WHAT THIS TASK INVOLVES:
Below are records; write all of them out exactly.

Data extracted from a collection:
..............................

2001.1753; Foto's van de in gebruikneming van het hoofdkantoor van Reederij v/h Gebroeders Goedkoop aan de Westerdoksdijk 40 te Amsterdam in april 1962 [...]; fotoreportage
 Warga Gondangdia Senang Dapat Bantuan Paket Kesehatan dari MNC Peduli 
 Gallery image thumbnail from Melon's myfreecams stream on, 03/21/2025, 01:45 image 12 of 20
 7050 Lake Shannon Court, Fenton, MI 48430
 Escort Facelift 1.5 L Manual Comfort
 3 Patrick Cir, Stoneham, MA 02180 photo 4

..............................

RESULT:
2001.1753; Foto's van de in gebruikneming van het hoofdkantoor van Reederij v/h Gebroeders Goedkoop aan de Westerdoksdijk 40 te Amsterdam in april 1962 [...]; fotoreportage
 Warga Gondangdia Senang Dapat Bantuan Paket Kesehatan dari MNC Peduli 
 Gallery image thumbnail from Melon's myfreecams stream on, 03/21/2025, 01:45 image 12 of 20
 7050 Lake Shannon Court, Fenton, MI 48430
 Escort Facelift 1.5 L Manual Comfort
 3 Patrick Cir, Stoneham, MA 02180 photo 4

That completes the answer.